MY-WAY (2015-2016) tasked H-FARM with strengthening the pan-European web entrepreneurship ecosystem for young people, a role that maps directly to their core campus mission.
H-FARM SPA
Italian digital innovation campus and startup accelerator with EU project experience in youth entrepreneurship and agrifood digitalization.
Their core work
H-FARM is an Italian digital innovation campus and startup accelerator based near Venice, operating at the intersection of education, entrepreneurship, and corporate digital transformation. In EU projects they contribute their expertise in building and connecting entrepreneurship ecosystems — bringing together youth networks, startups, and industry actors around digital platforms. Their H2020 participation shows two distinct angles: fostering web entrepreneurship among young Europeans (MY-WAY), and applying digital technologies to value chains in agrifood and forestry (DIVA). As a private SME rather than a research institute, their value to consortia lies in ecosystem reach, dissemination capacity, and practical business connections rather than laboratory research.
What they specialise in
MY-WAY keywords (student networks, student entrepreneurship, networking, coordination) confirm H-FARM played a coordination and community-building role targeting young entrepreneurs.

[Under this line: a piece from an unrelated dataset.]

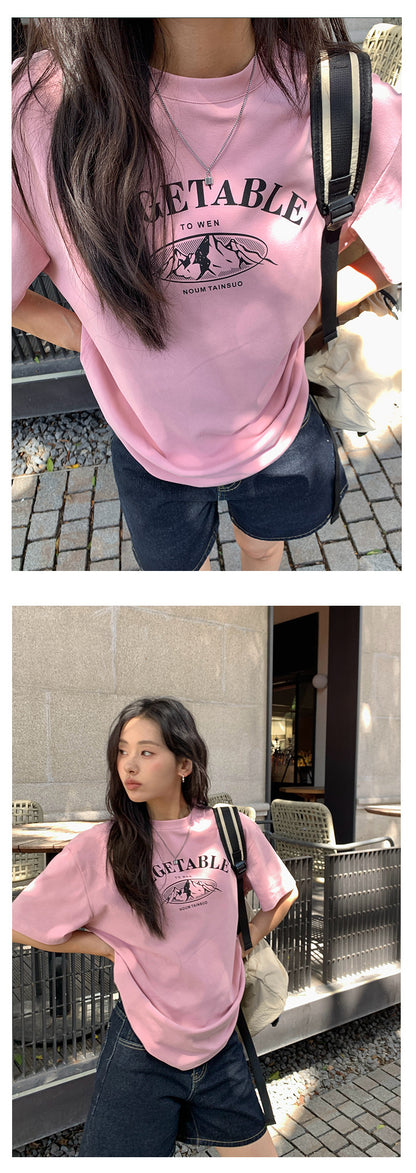 【H5203】實拍夏天美式印花棉質寬鬆圓領短袖T恤250422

DIVA (2018-2021) focused on boosting innovative digital technology value chains for agrofood, forestry, and environment — a sector pivot from H-FARM's education roots.
Both projects involved CSA and IA funding schemes, and H-FARM's consistent participant role across different sectors points to a dissemination and network-bridging function rather than technical R&D.

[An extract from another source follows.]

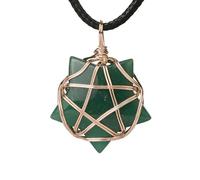 Crystal Stone Star Pendant Necklace for Women Men|Rose Gold Copper Wire Wrap Braid Pentagram Charm With Pu Chain Choker Bead Amulet Yoga Jewelry Gift Green Aventurine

How they've shifted over time
In their first H2020 project (2015-2016), H-FARM focused squarely on youth entrepreneurship: student networks, web startup culture, and pan-European coordination — areas that align with their campus identity as a place where young people learn by building companies. By 2018-2021, the focus shifted entirely away from youth/education keywords toward sectoral digitalization, specifically agrifood and forestry value chains, with no overlap in terminology. This suggests H-FARM is deliberately broadening its positioning from "youth innovation hub" toward a more general "digital innovation partner for industry sectors," though the data is too limited to confirm this as a firm strategic direction.
H-FARM appears to be moving from education-adjacent ecosystem work toward applied digital transformation in traditional industries, which would make them an increasingly relevant partner for agrifood or bioeconomy consortia seeking industry-connected dissemination capacity.
How they like to work
H-FARM has never led an H2020 project — they participate exclusively as consortium partners, which is consistent with an organization that offers reach, networks, and business connections rather than scientific coordination capacity. With 20 unique partners across 12 countries across just 2 projects, they operate in mid-to-large consortia and appear comfortable working in geographically diverse teams. There is no evidence of repeated partnerships, suggesting they adapt to different consortium compositions rather than maintaining a fixed collaboration circle.

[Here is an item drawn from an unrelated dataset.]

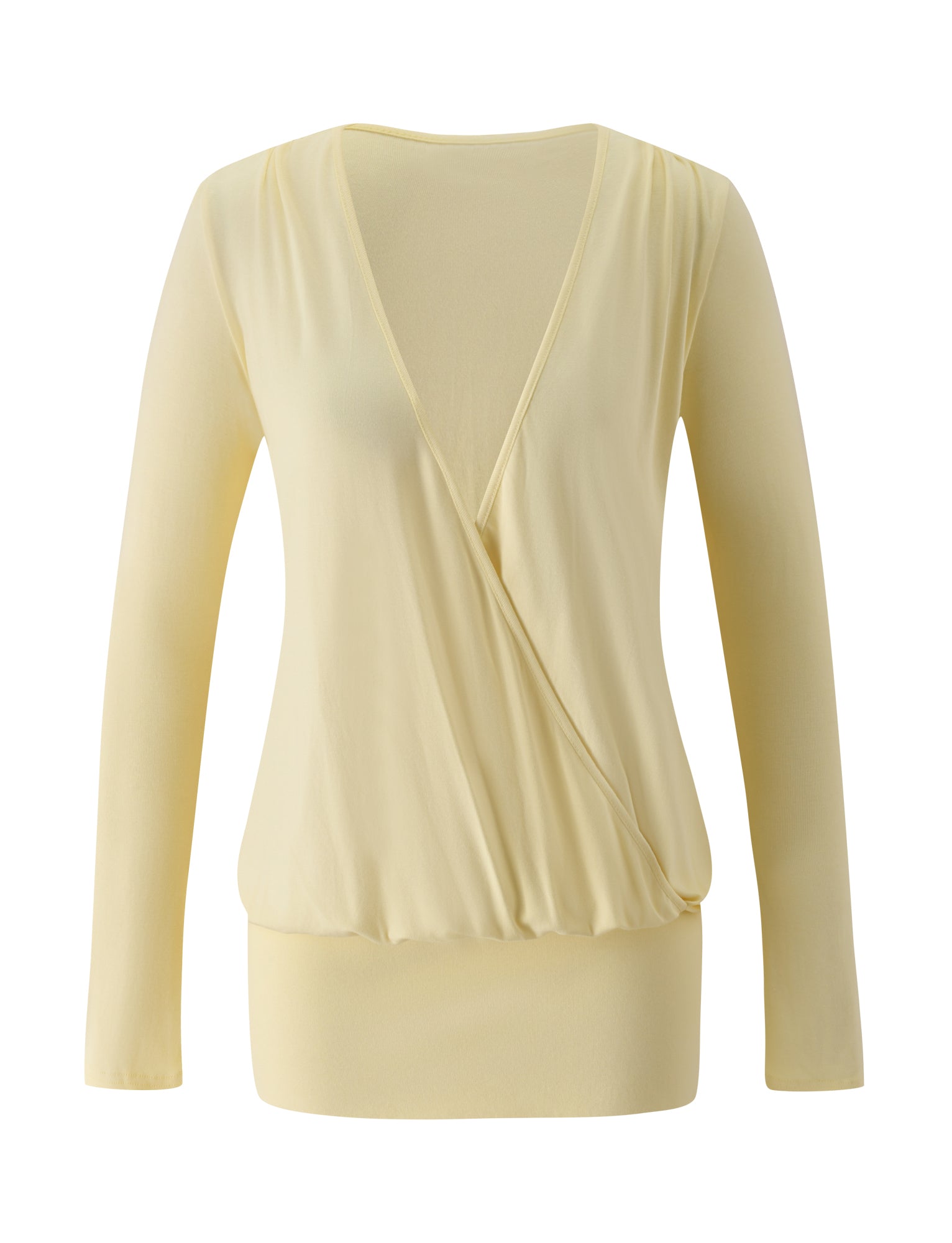 Introducing the TIGERMIST FOXLEY MINI DRESS in Butter Cream—a light yellow, long-sleeve mini dress featuring a deep V-neckline and wrap-style front with a fitted waistband, reminiscent of a classic surplice silhouette. Crafted from soft, slightly stretchy fabric, this dress is showcased against a plain white background.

H-FARM has connected with 20 distinct consortium partners across 12 countries in only 2 projects, indicating they enter well-networked, multi-national consortia. Their European spread suggests they are recognized as a credible Italian node in broader digital innovation networks.
What sets them apart
H-FARM occupies a rare position in the Italian innovation landscape: a physical campus that combines startup acceleration, digital education, and corporate transformation in one ecosystem, which gives them unusual dissemination and community-building capacity compared to typical research or consulting partners. For a consortium that needs an organization with direct access to entrepreneurs, startups, and a digitally-native professional community, H-FARM offers a channel that universities and research institutes cannot replicate. However, with only two small EU projects and no coordination experience, they remain a complementary partner rather than a consortium anchor.
Highlights from their portfolio
- MY-WAYH-FARM's only project squarely within their core identity — pan-European youth web entrepreneurship — and the clearest evidence of what they concretely contribute to EU-funded consortia.
- DIVATheir largest funded project (EUR 115,675) and a notable sector pivot toward agrifood and forestry digitalization, signaling potential repositioning beyond education and youth markets.